> [TASK STATEMENT]: Skip every picture, then write out exactly the lines of the listing below from the line that contains "Makina ne shitje" through the final line.

SUPPLIED DATA START

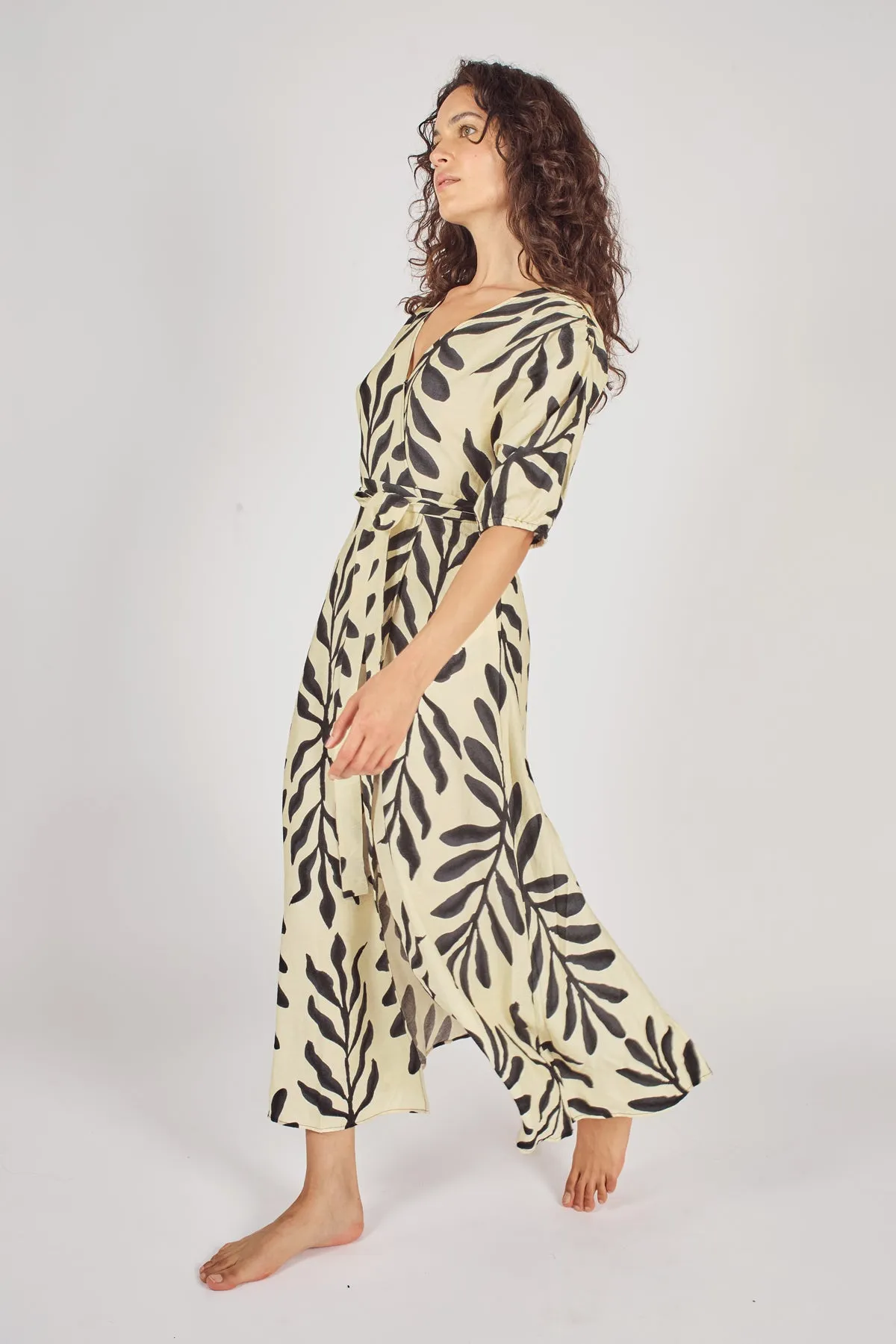 Before Midnight Charlie Wrap Dress by Traffic People in Black/Cream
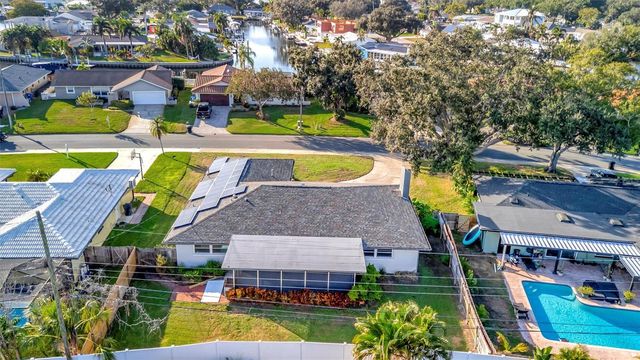 5215 DENVER STREET NE, St Petersburg, FL 33703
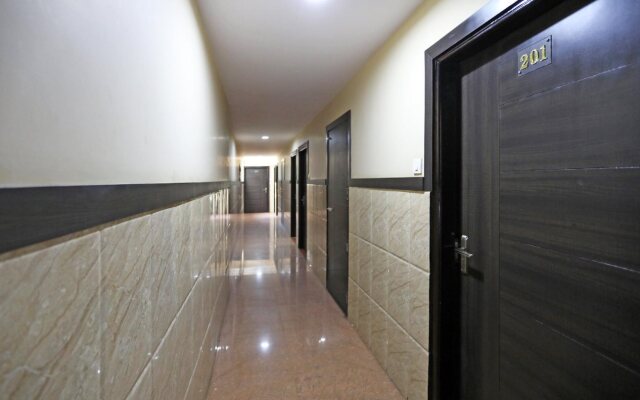 OYO 10328 Hotel Sanjay Palace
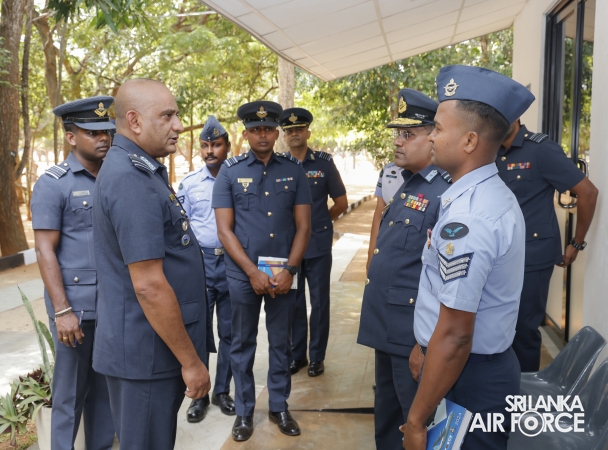COMMANDER’S INSPECTION OF SLAF STATION PALAVI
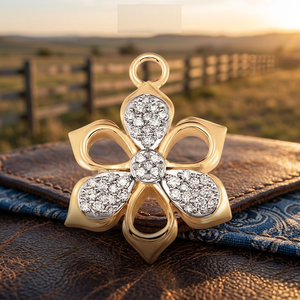 Collar con Colgante de Flor de Moissanita y Oro, Diseño Floral con Aspecto de Diamante, Joyería Floral de Lujo en Dos Tonos, Regalo para Mujer - Product Image 2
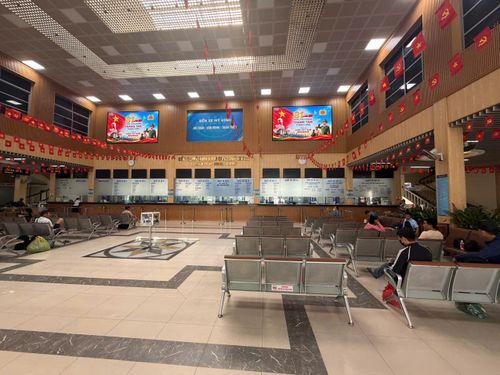 Tại các khu vực nhà chờ, quầy bán vé, sân đỗ và lối xe ra, vào bến, công tác tổ chức, phục vụ hành khách được chú trọng, bảo đảm thuận tiện, an toàn trong quá trình đi lại.
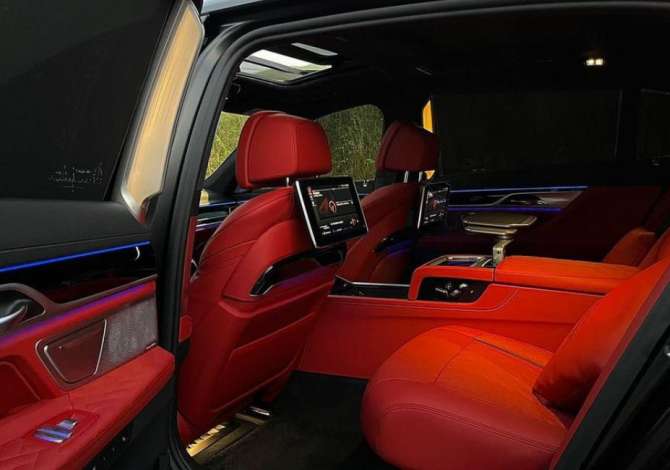 Makina ne shitje ne Tirane, BMW, 2021 Benzine,Kambio Automatik Pagesa 200,000  Euro.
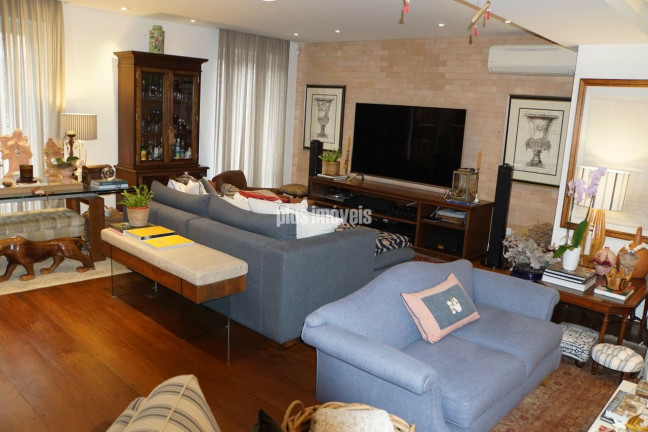 Imagem Casa com 3 Quartos à Venda, 650 m² em Morumbi - São Paulo Imagem Casa com 3 Quartos à Venda, 650 m² em Morumbi - São Paulo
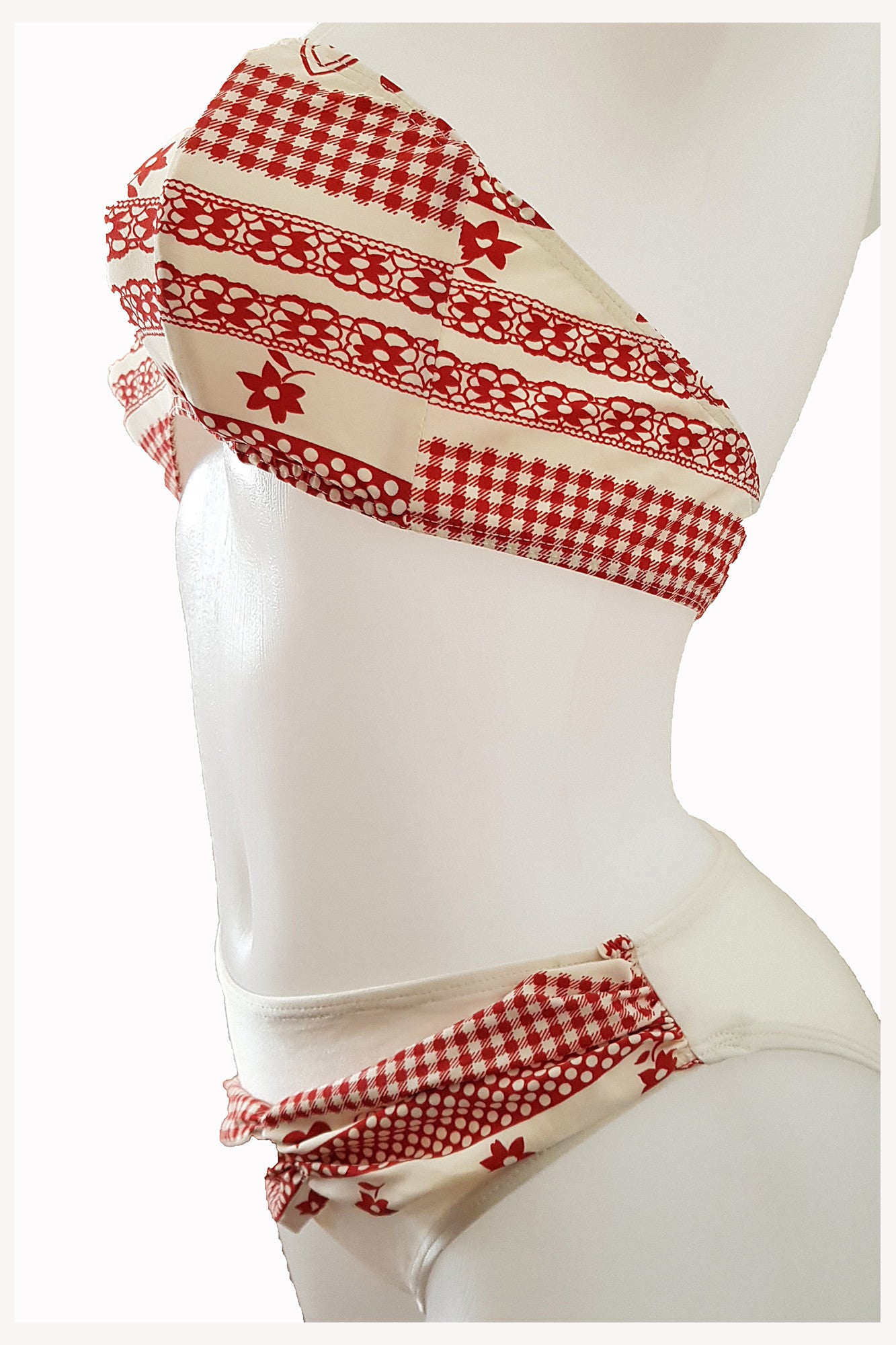 Costum de baie dama doua piese,bustiera, imprimeu floral, ADINA, BLD by Exclusive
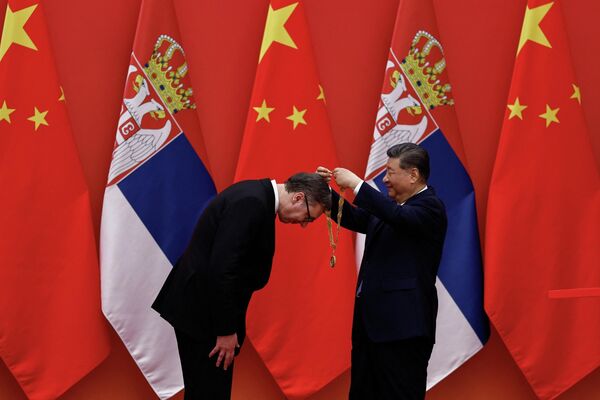 El presidente de China, Xi Jinping, condecora a su par serbio, Aleksandar Vucic. - Sputnik Mundo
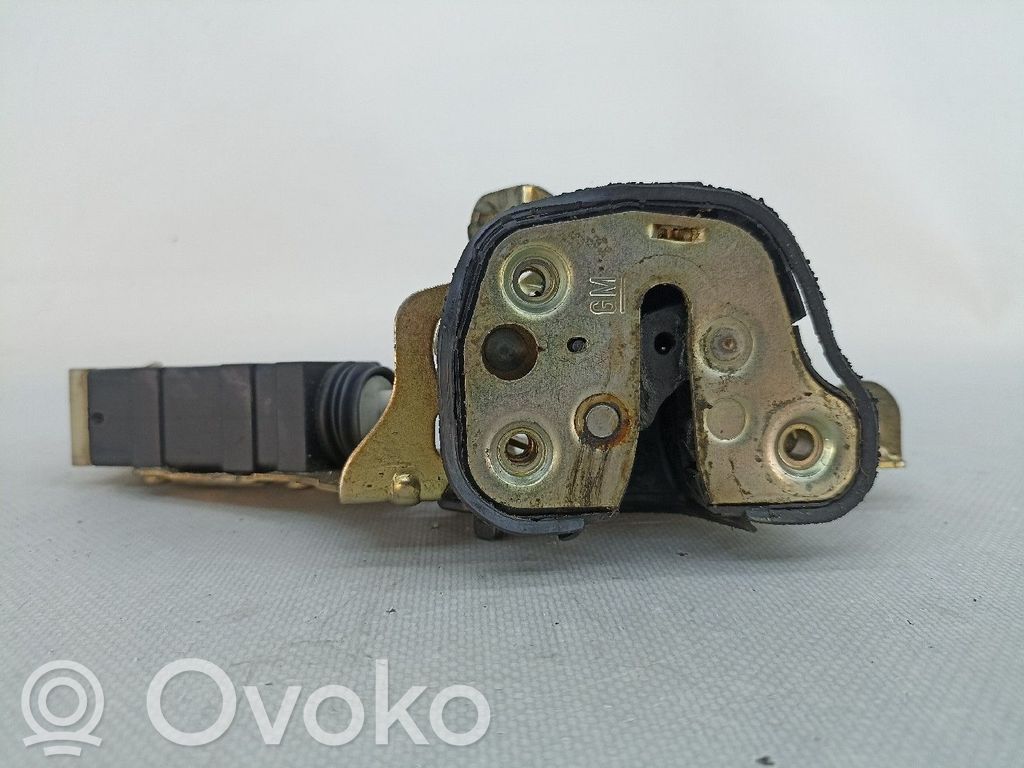 Aizmugurē slēdzene   90532435,3PINOS,90493703,PISTOLA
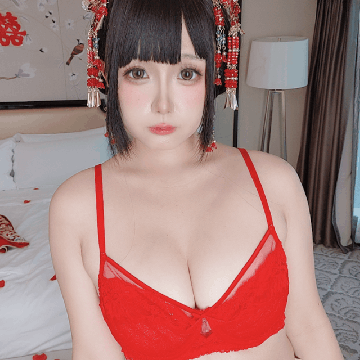 Cosplayer Hinajiao bridal chamber flowers and candles PixiBB.COM 187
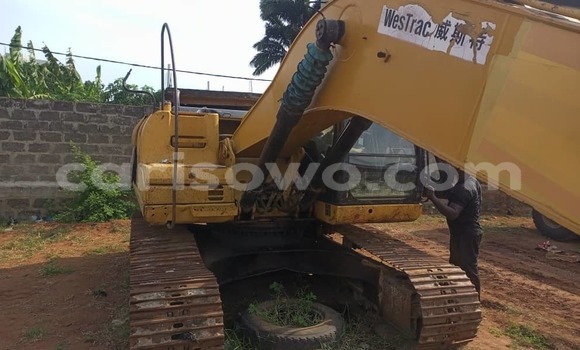 Sayi Na hannu Caterpillar 120 M Babbar mota in Cotonou a Benin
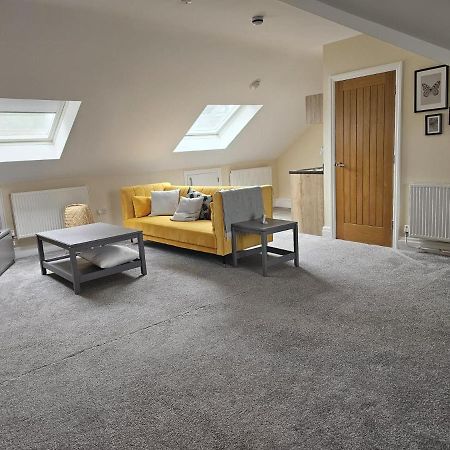 Lovely 1-Bed Loft In Newport エクステリア 写真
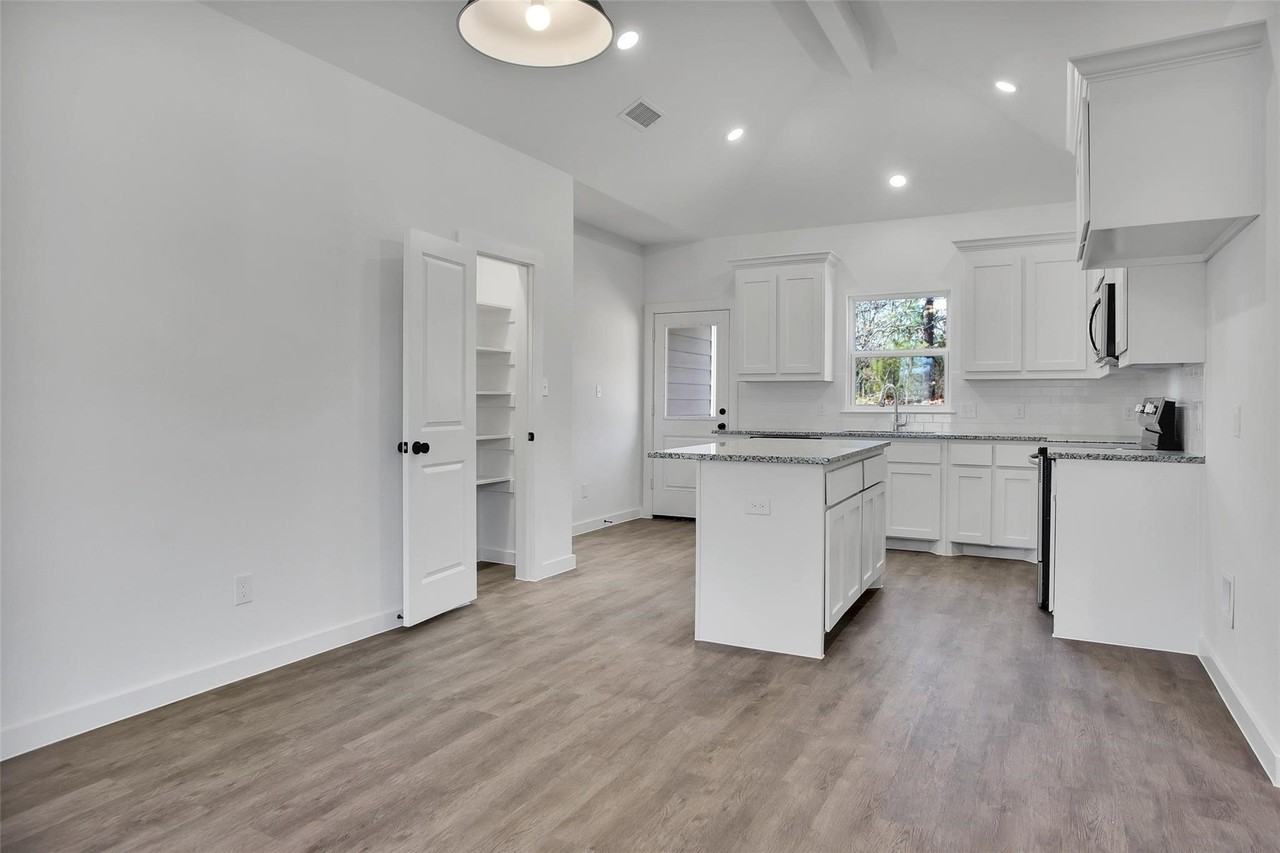 1479 Cathey Dr - Photo 4 of 9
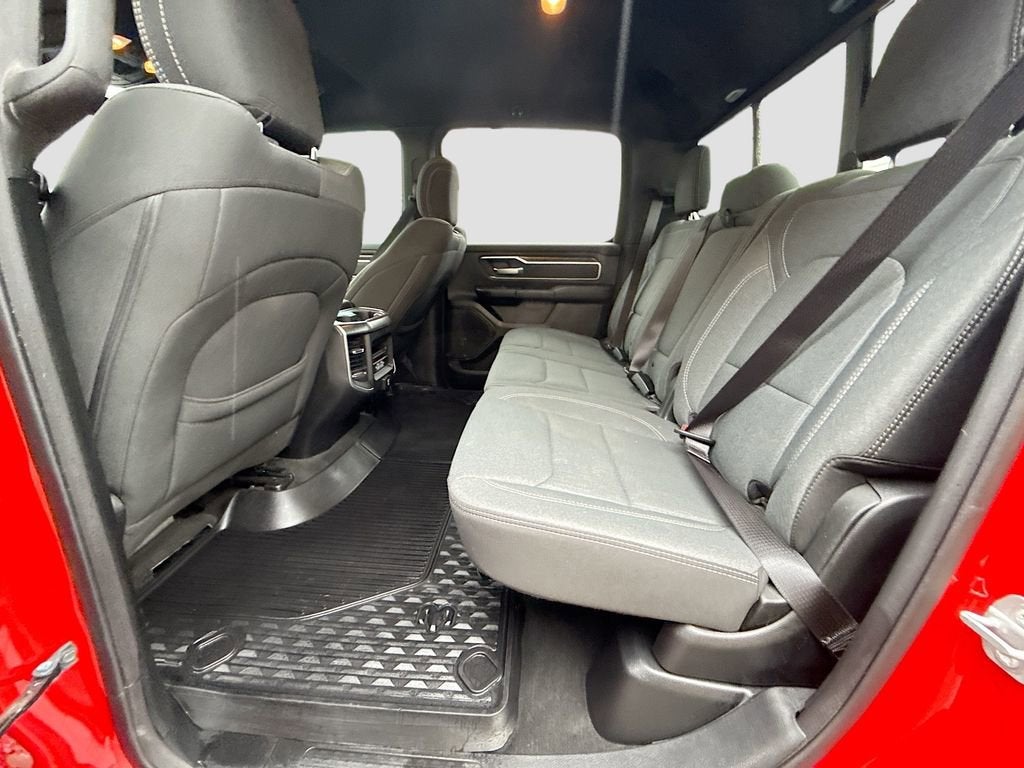 2021 RAM 1500 Big Horn Crew Cab 4x4 5'7" Box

SUPPLIED DATA END

> [THE ANSWER]:
 Makina ne shitje ne Tirane, BMW, 2021 Benzine,Kambio Automatik Pagesa 200,000  Euro.
 Imagem Casa com 3 Quartos à Venda, 650 m² em Morumbi - São Paulo Imagem Casa com 3 Quartos à Venda, 650 m² em Morumbi - São Paulo
 Costum de baie dama doua piese,bustiera, imprimeu floral, ADINA, BLD by Exclusive
 El presidente de China, Xi Jinping, condecora a su par serbio, Aleksandar Vucic. - Sputnik Mundo
 Aizmugurē slēdzene   90532435,3PINOS,90493703,PISTOLA
 Cosplayer Hinajiao bridal chamber flowers and candles PixiBB.COM 187
 Sayi Na hannu Caterpillar 120 M Babbar mota in Cotonou a Benin
 Lovely 1-Bed Loft In Newport エクステリア 写真
 1479 Cathey Dr - Photo 4 of 9
 2021 RAM 1500 Big Horn Crew Cab 4x4 5'7" Box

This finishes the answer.